*WHAT YOU SHOULD DO*: Everything in the data except the pictures belongs in your answer, copied exactly.

*GIVEN MATERIAL*:
►

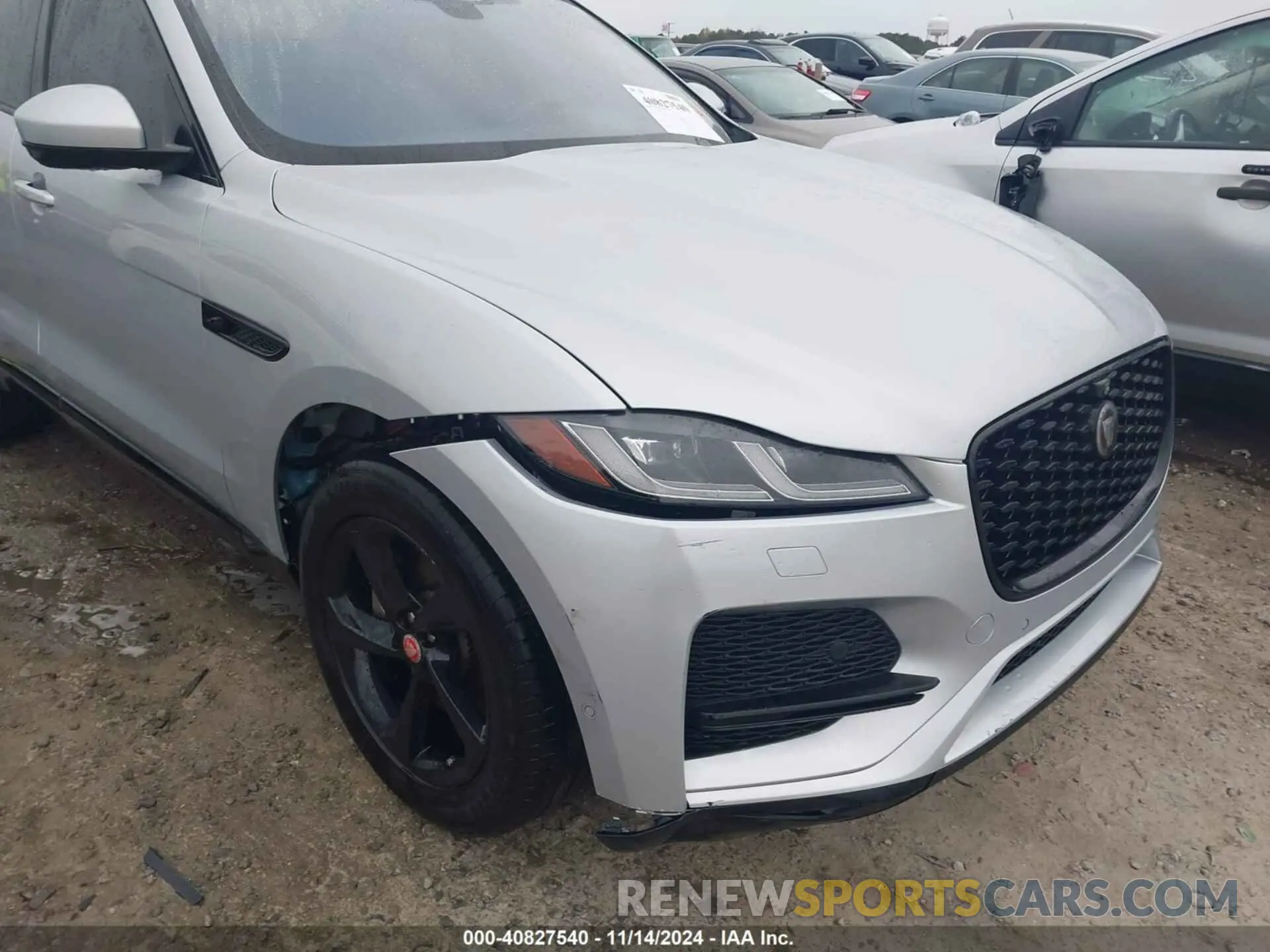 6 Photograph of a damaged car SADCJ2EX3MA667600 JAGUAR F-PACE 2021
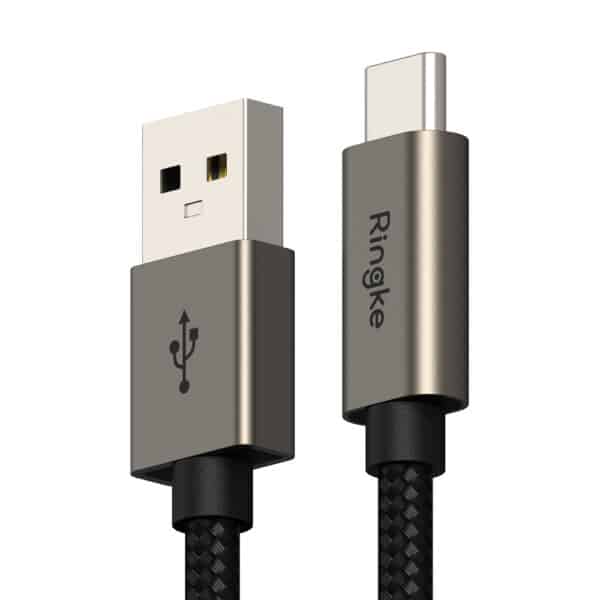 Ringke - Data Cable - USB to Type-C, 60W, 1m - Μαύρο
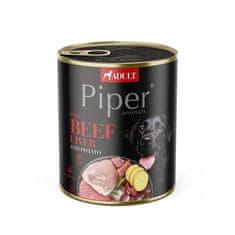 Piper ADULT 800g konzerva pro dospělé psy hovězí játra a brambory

◄

*RESULT BELOW*:
 6 Photograph of a damaged car SADCJ2EX3MA667600 JAGUAR F-PACE 2021
 Ringke - Data Cable - USB to Type-C, 60W, 1m - Μαύρο
 Piper ADULT 800g konzerva pro dospělé psy hovězí játra a brambory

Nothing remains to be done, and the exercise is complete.